STORED DATA =

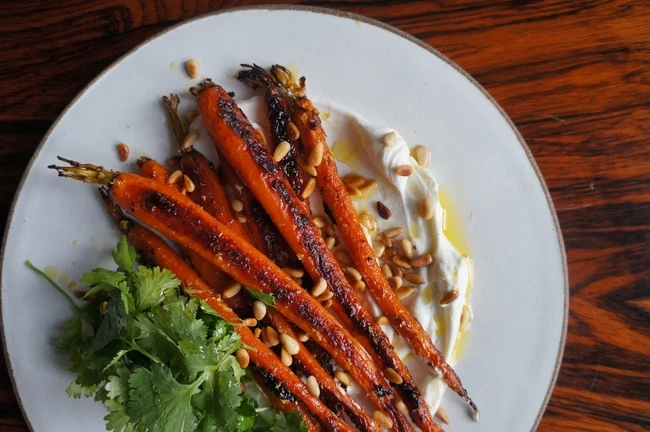 Image of Harissa roasted carrots with yogurt, pine nuts and fresh herbs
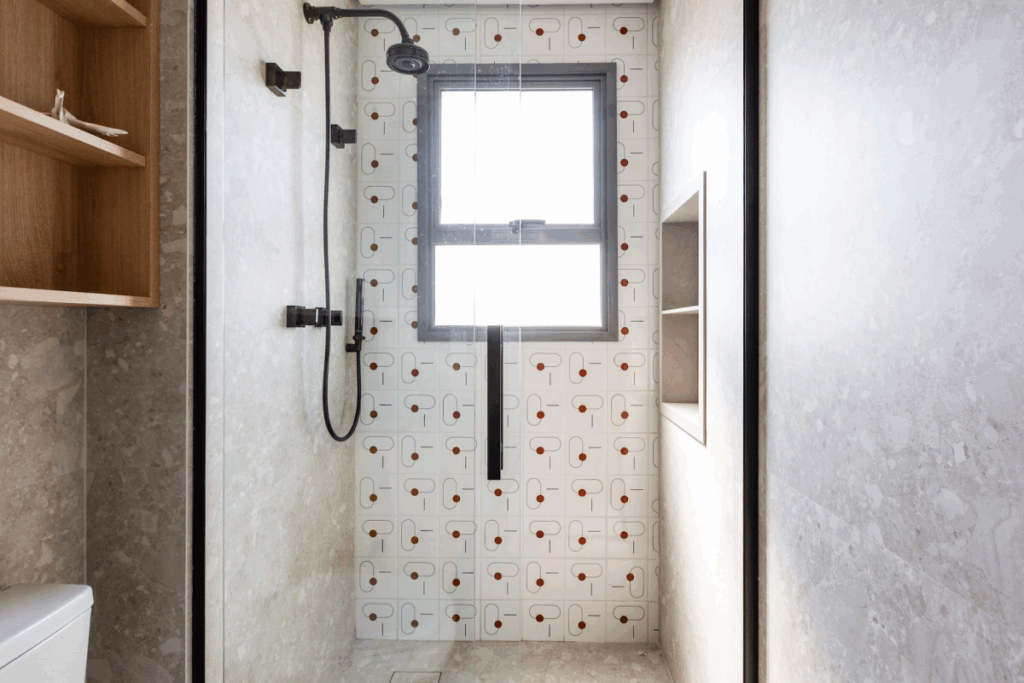 Banheiro com box iluminado por janela central e revestimento estampado com pequenos detalhes em destaque em vermelho e cinza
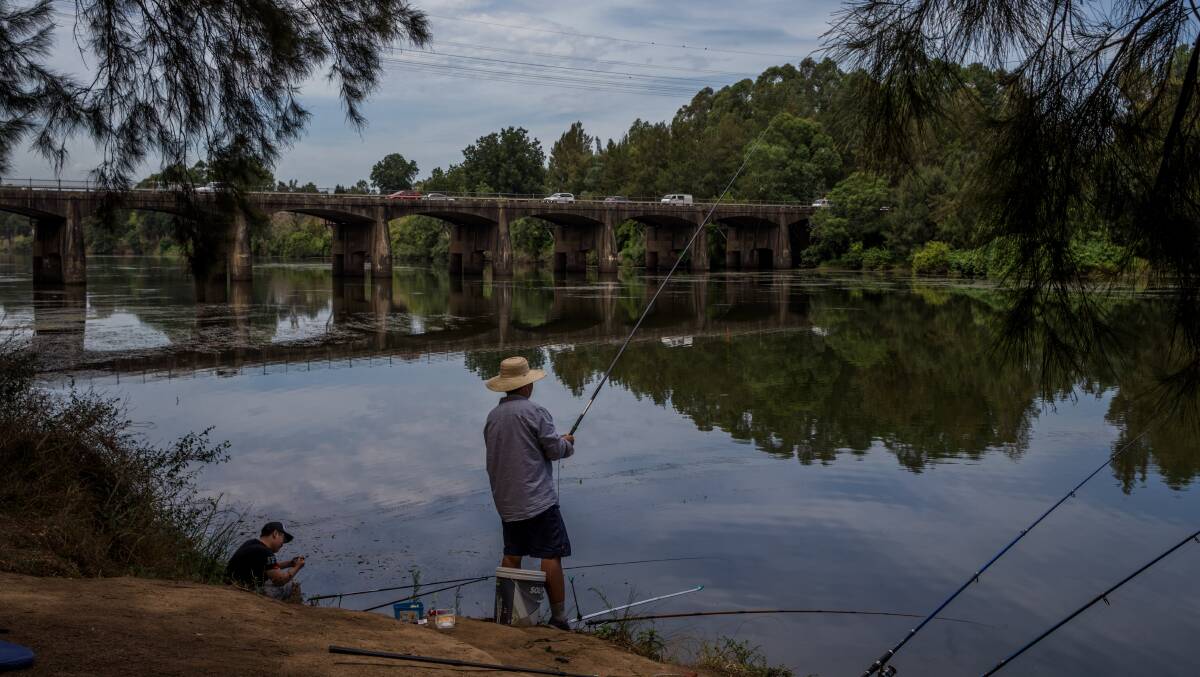 Consumption: People fishing from the banks of the Hawkesbury River at North Richmond. EPA has advised safety remains unchanged from PFAS. Picture: Geoff Jones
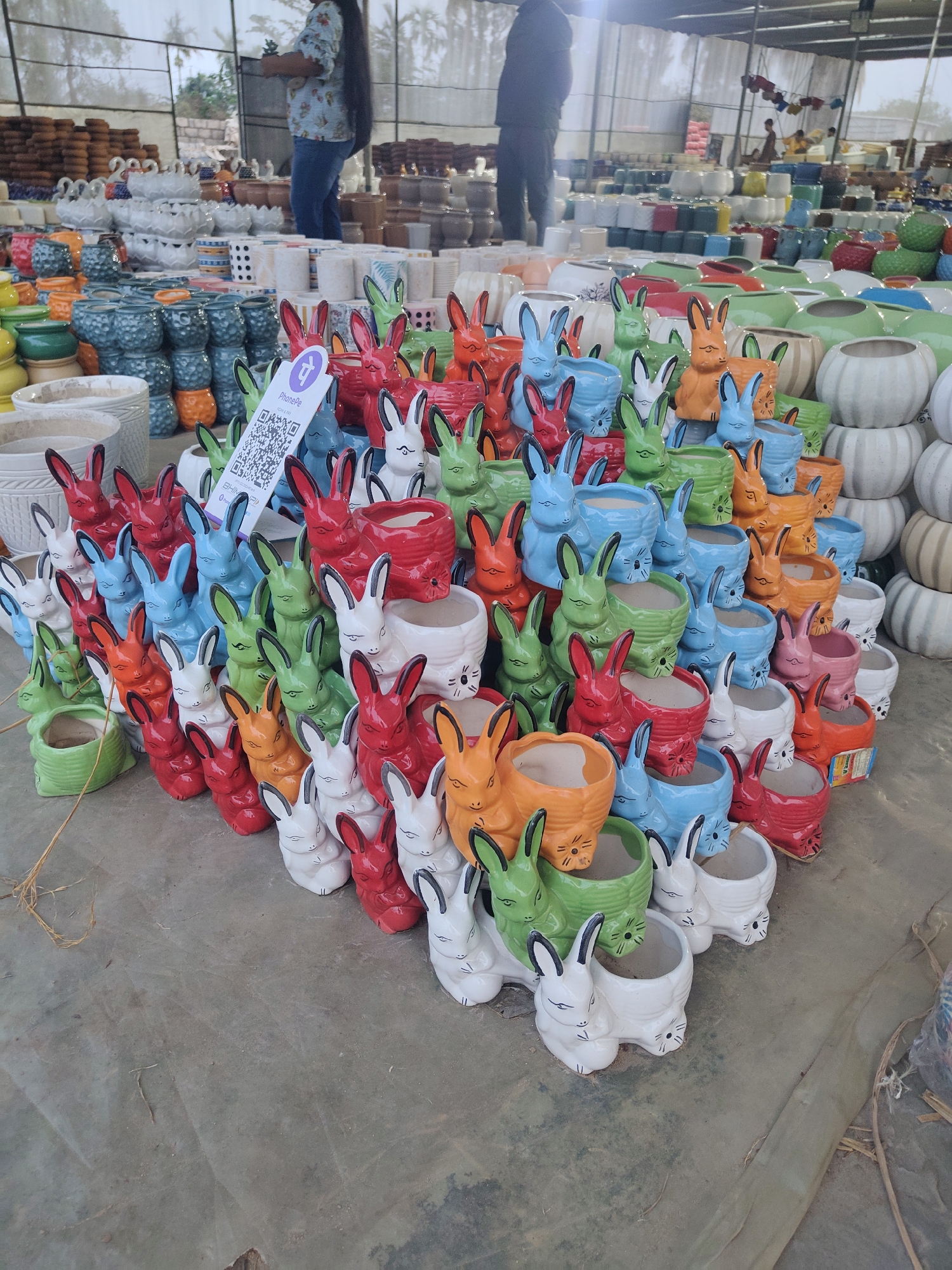 The image depicts a large collection of rabbit-shaped ceramic planters in various colors, stacked in a pyramid formation. The planters are arranged on a concrete surface, likely in an outdoor setting. In the background, there is a wide array of other ceramic pots and containers. Some people are visible in the background, appearing to be shopping or working in the area. There is also a QR code displayed on one of the planters. The presence of the QR code, the diversity of ceramic planters, and the background activities indicate a market or retail setting, possibly in the city of ಚಂದ್ರಪ್ಪ ವೃತ್ತ, India.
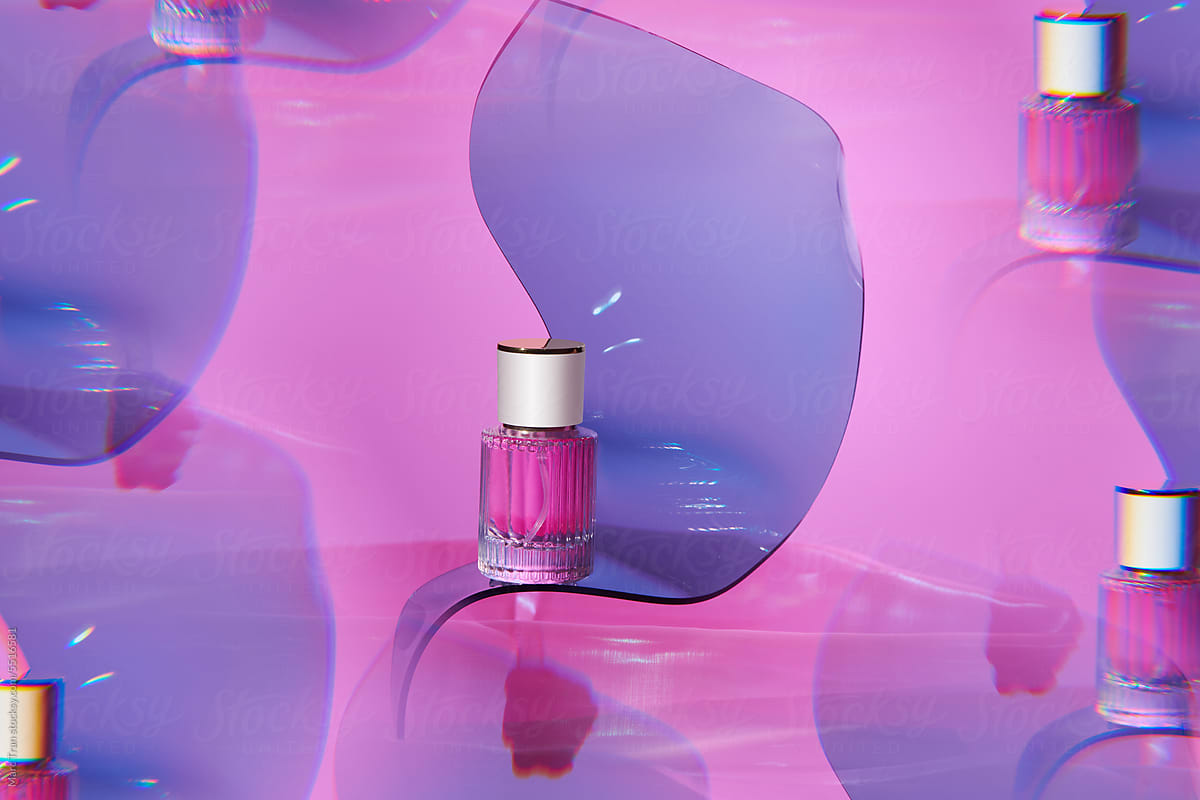 Transparent bottle of perfume presentation with daylight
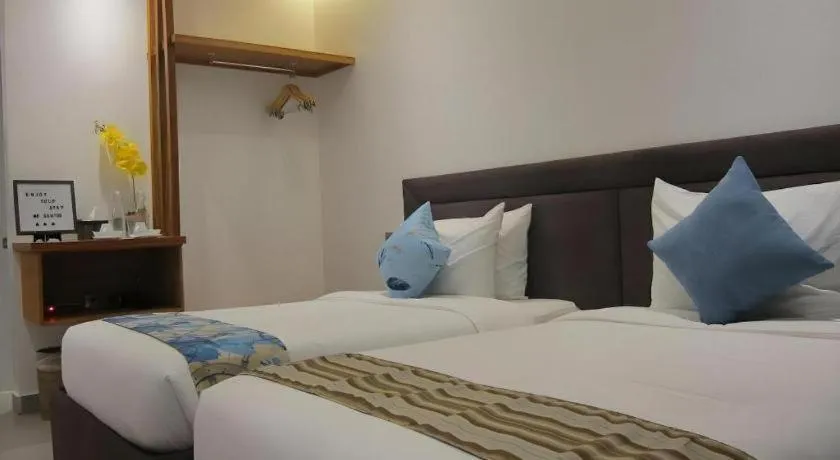 Bed in White Breeze Palawan Boutique Hotel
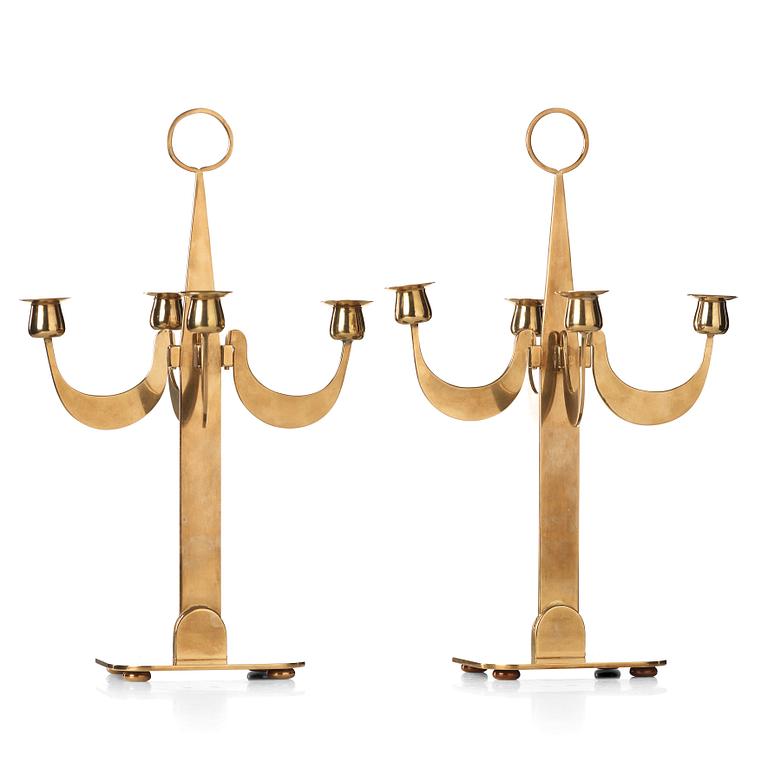 Josef Frank, a pair of brass candelabra by Svenskt Tenn, 1950's, model nr 2663.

EXERCISE = Output the line containing "Bed in White Breeze Palawan Boutique Hotel" and each line after it, through the end of the material, exactly as given. No pictures belong in the output.

RESULT OF THE EXERCISE =
 Bed in White Breeze Palawan Boutique Hotel
 Josef Frank, a pair of brass candelabra by Svenskt Tenn, 1950's, model nr 2663.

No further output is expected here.